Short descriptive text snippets
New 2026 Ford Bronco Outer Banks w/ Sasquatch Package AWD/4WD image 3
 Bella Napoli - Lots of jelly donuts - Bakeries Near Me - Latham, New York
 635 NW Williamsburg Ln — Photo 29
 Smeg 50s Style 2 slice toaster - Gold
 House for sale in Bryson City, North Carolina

● **Your assignment**
Please give each line above again, word for word.

● **Solution**
New 2026 Ford Bronco Outer Banks w/ Sasquatch Package AWD/4WD image 3
 Bella Napoli - Lots of jelly donuts - Bakeries Near Me - Latham, New York
 635 NW Williamsburg Ln — Photo 29
 Smeg 50s Style 2 slice toaster - Gold
 House for sale in Bryson City, North Carolina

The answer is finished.